▸ **Given information**

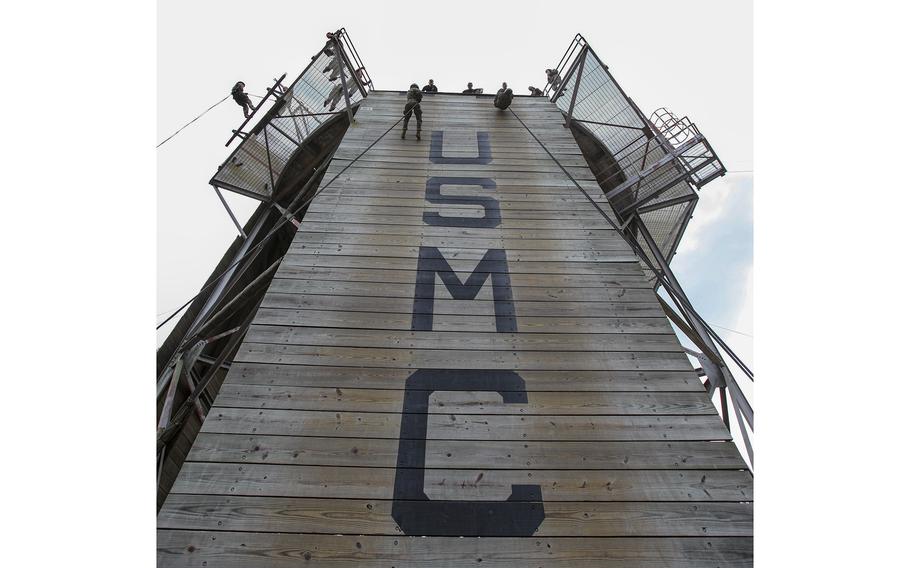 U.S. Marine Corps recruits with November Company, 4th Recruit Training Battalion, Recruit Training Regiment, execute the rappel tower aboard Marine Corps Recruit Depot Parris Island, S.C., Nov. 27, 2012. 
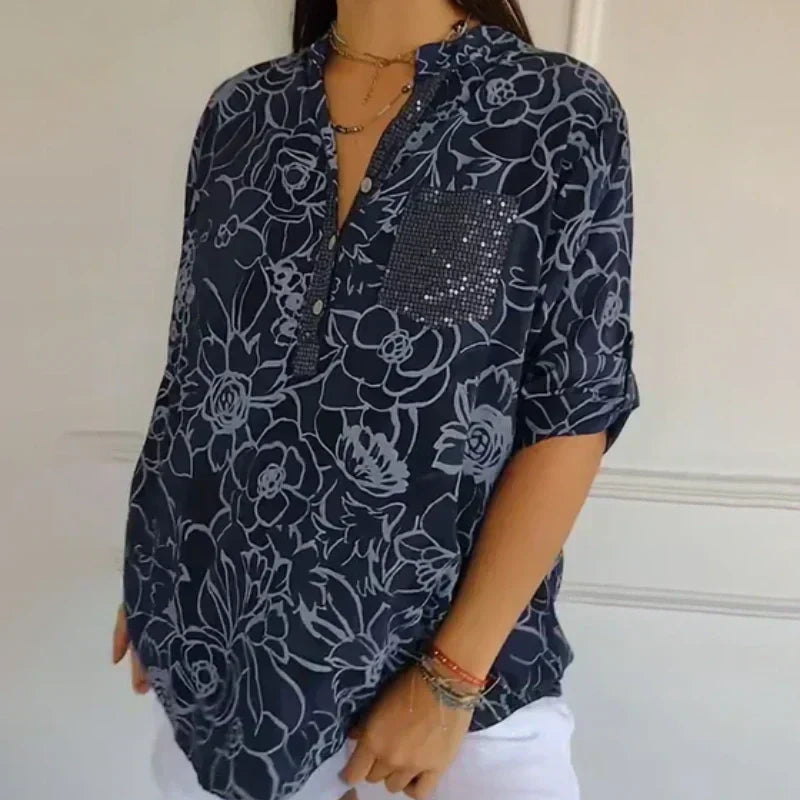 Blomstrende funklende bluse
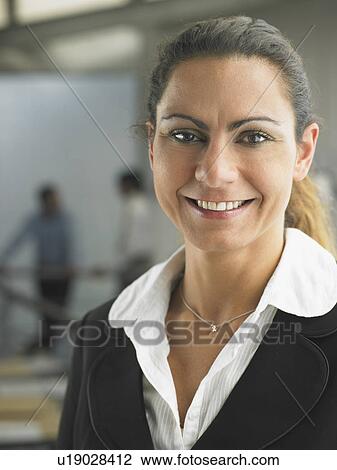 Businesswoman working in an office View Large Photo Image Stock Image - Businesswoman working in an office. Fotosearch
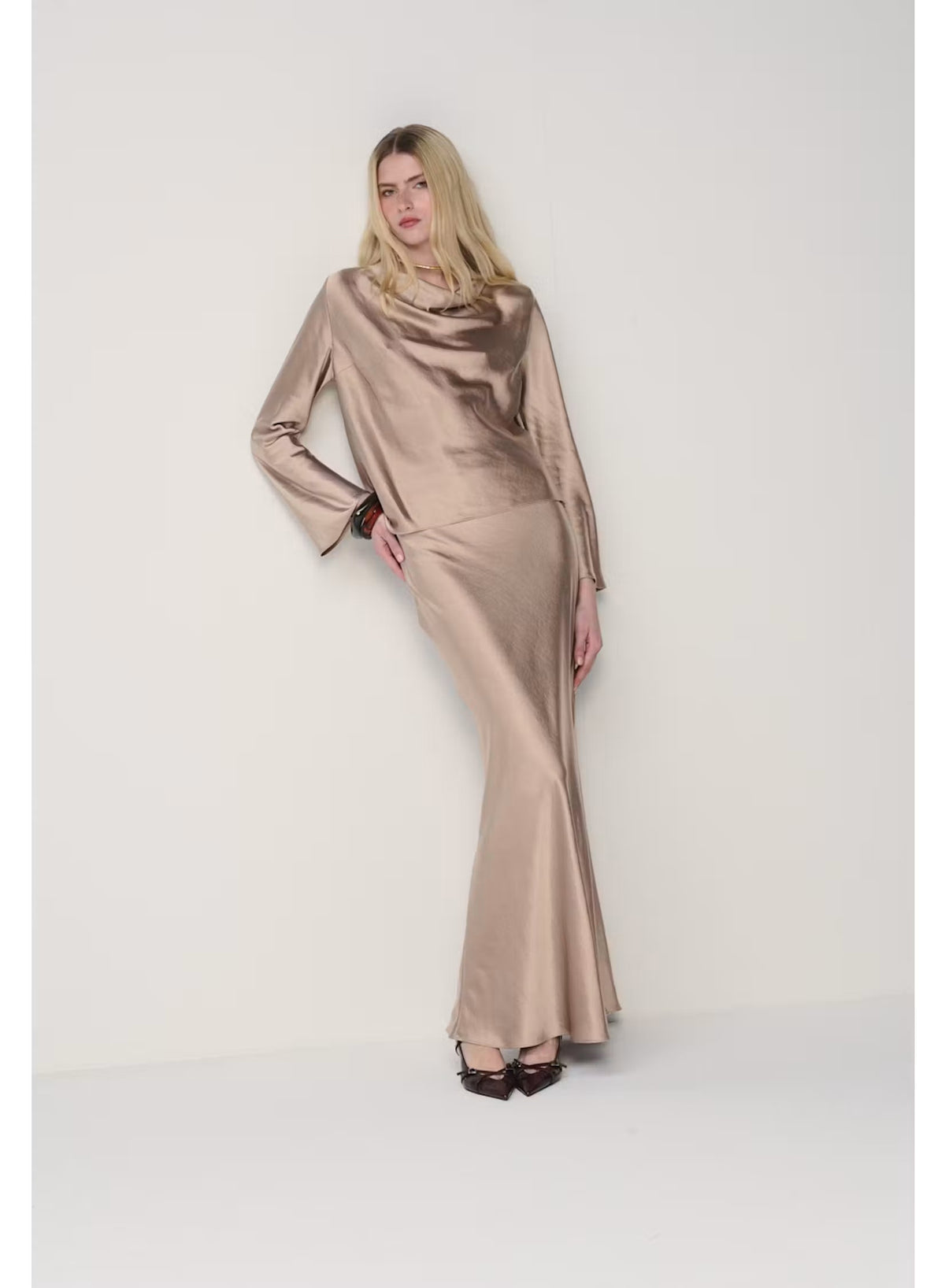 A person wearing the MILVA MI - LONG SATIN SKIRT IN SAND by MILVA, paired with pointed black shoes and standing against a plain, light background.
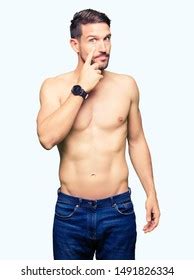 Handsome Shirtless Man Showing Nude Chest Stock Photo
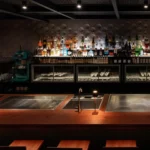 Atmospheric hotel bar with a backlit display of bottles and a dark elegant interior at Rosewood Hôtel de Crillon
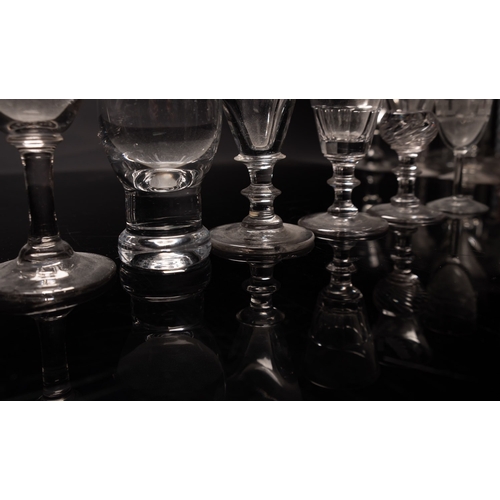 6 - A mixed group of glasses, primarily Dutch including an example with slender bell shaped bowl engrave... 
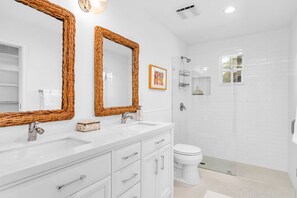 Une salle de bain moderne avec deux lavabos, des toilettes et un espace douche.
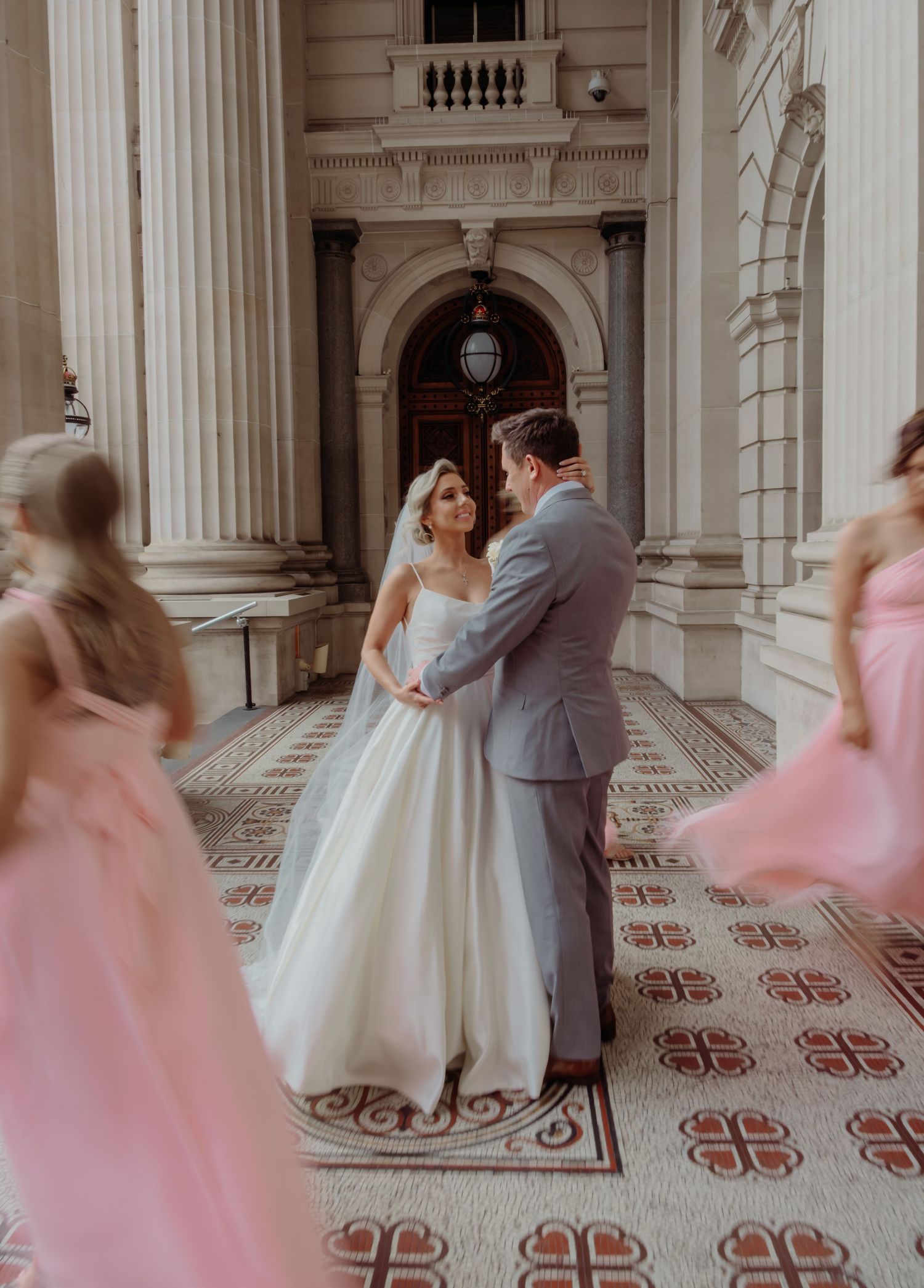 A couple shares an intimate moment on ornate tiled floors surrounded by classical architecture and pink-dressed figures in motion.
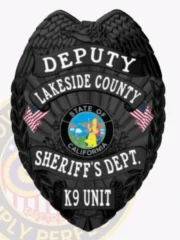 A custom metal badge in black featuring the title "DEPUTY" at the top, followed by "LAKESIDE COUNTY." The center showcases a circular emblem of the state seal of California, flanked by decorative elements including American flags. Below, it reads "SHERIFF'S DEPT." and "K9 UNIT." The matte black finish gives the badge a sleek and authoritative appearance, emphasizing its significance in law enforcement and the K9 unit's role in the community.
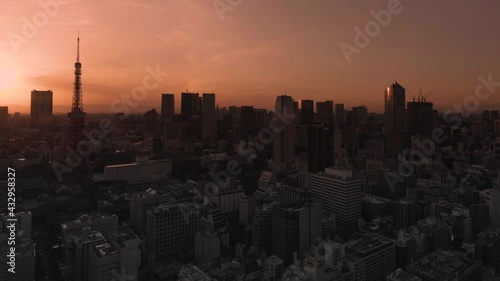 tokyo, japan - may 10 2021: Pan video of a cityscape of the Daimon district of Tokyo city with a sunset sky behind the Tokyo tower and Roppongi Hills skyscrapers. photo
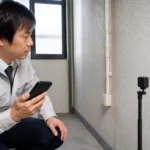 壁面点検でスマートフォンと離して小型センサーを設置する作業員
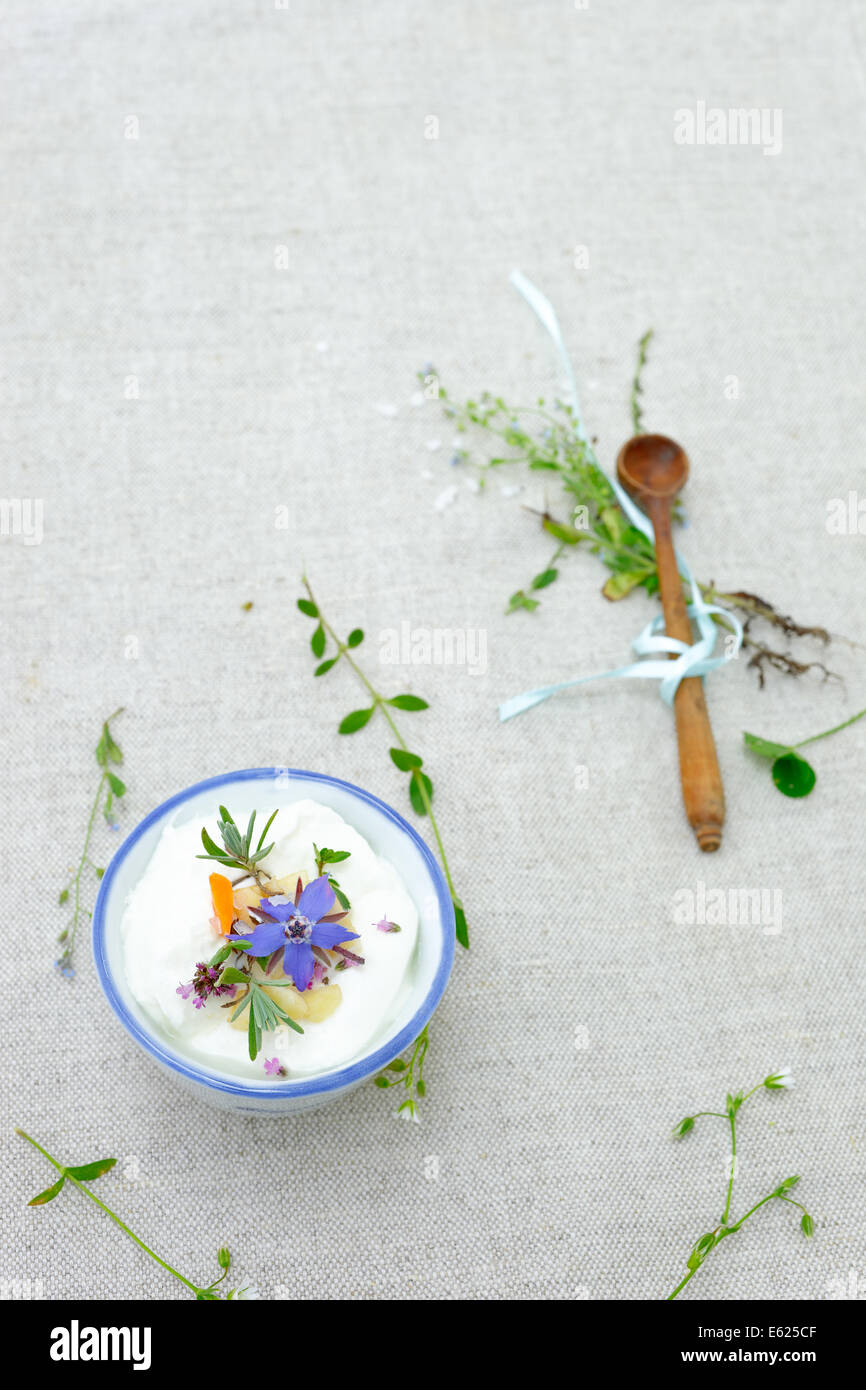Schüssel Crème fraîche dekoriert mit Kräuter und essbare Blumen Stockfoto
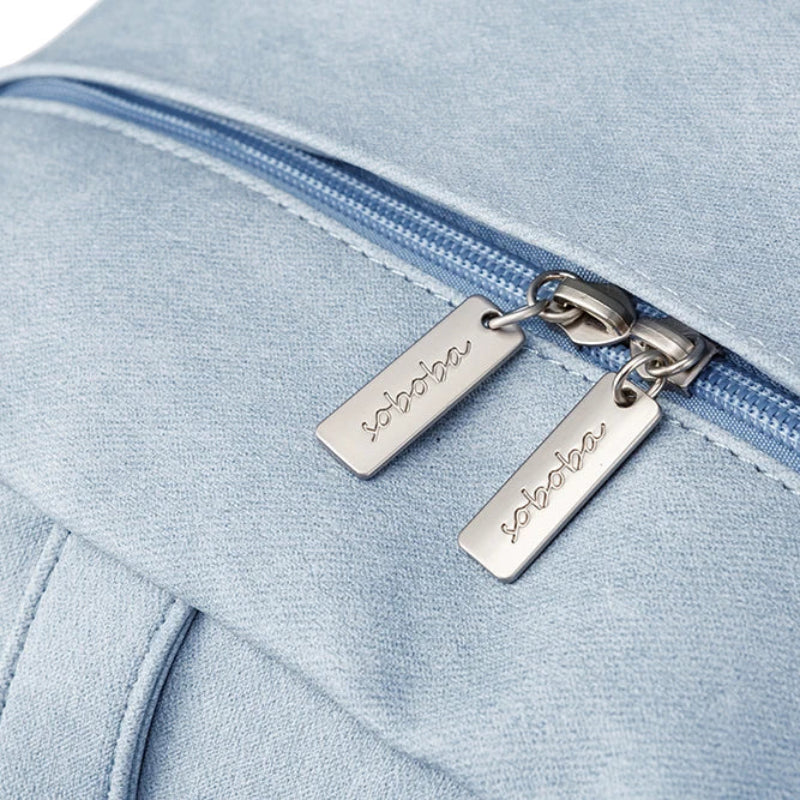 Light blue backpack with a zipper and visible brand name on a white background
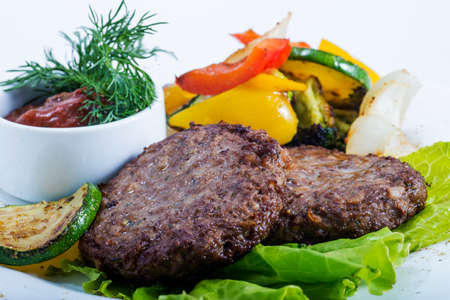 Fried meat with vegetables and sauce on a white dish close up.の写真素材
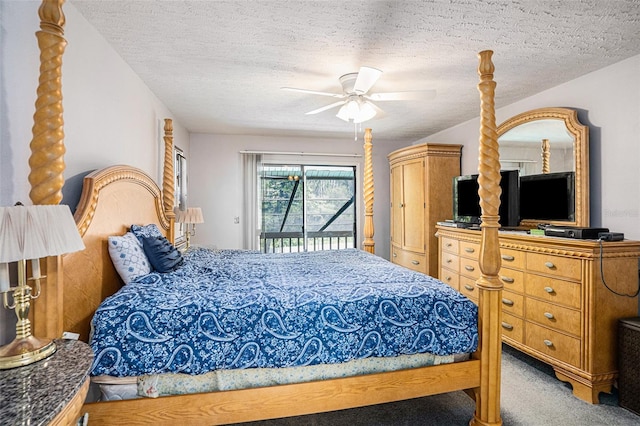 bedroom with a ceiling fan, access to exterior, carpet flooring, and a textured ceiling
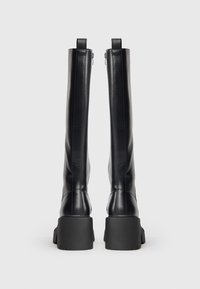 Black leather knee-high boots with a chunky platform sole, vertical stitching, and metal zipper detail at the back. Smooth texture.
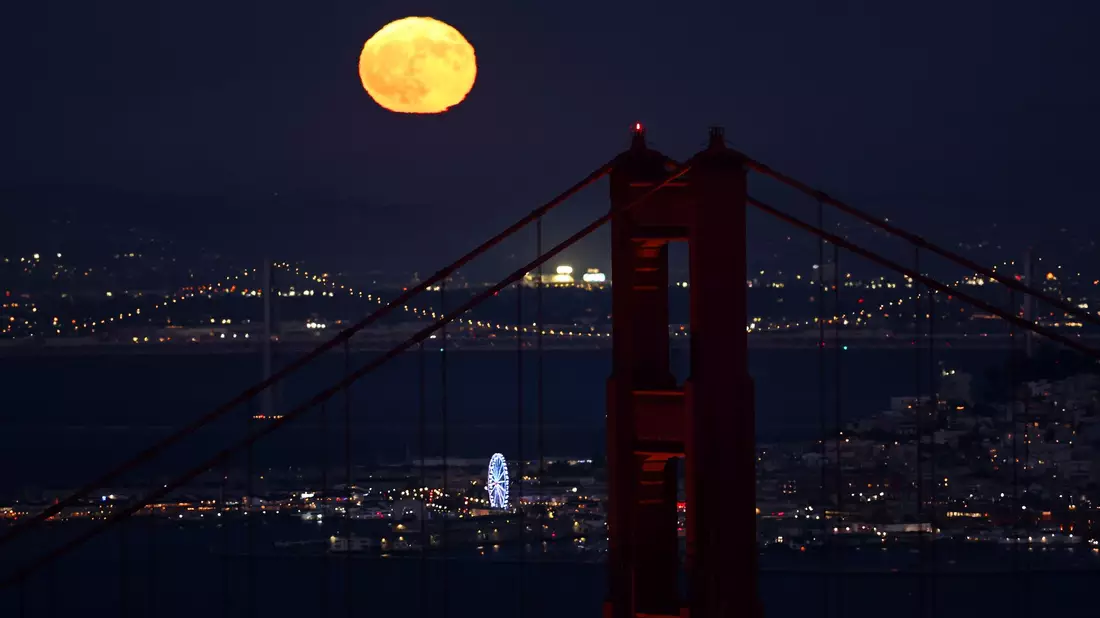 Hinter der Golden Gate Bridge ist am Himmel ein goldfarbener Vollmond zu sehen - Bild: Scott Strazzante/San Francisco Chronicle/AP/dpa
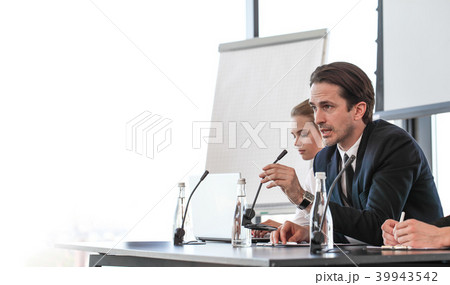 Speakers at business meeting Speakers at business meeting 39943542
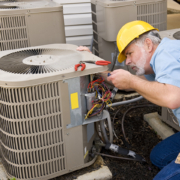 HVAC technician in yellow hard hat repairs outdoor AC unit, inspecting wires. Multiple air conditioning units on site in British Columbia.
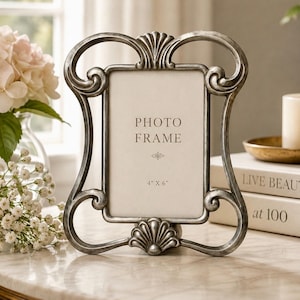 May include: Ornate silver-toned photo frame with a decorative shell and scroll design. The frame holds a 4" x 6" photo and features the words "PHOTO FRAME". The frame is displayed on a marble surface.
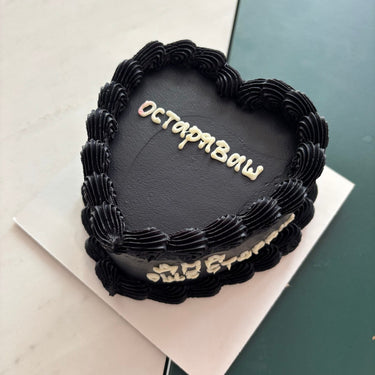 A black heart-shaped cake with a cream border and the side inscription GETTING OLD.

▸ **What you have to do**
To complete this exercise, repeat exactly the lines above from the one holding "Light blue backpack" to the end of the listing, both included, and leave the pictures out.

▸ **Your solution**
 Light blue backpack with a zipper and visible brand name on a white background
 Fried meat with vegetables and sauce on a white dish close up.の写真素材
 bedroom with a ceiling fan, access to exterior, carpet flooring, and a textured ceiling
 Black leather knee-high boots with a chunky platform sole, vertical stitching, and metal zipper detail at the back. Smooth texture.
 Hinter der Golden Gate Bridge ist am Himmel ein goldfarbener Vollmond zu sehen - Bild: Scott Strazzante/San Francisco Chronicle/AP/dpa
 Speakers at business meeting Speakers at business meeting 39943542
 HVAC technician in yellow hard hat repairs outdoor AC unit, inspecting wires. Multiple air conditioning units on site in British Columbia.
 May include: Ornate silver-toned photo frame with a decorative shell and scroll design. The frame holds a 4" x 6" photo and features the words "PHOTO FRAME". The frame is displayed on a marble surface.
 A black heart-shaped cake with a cream border and the side inscription GETTING OLD.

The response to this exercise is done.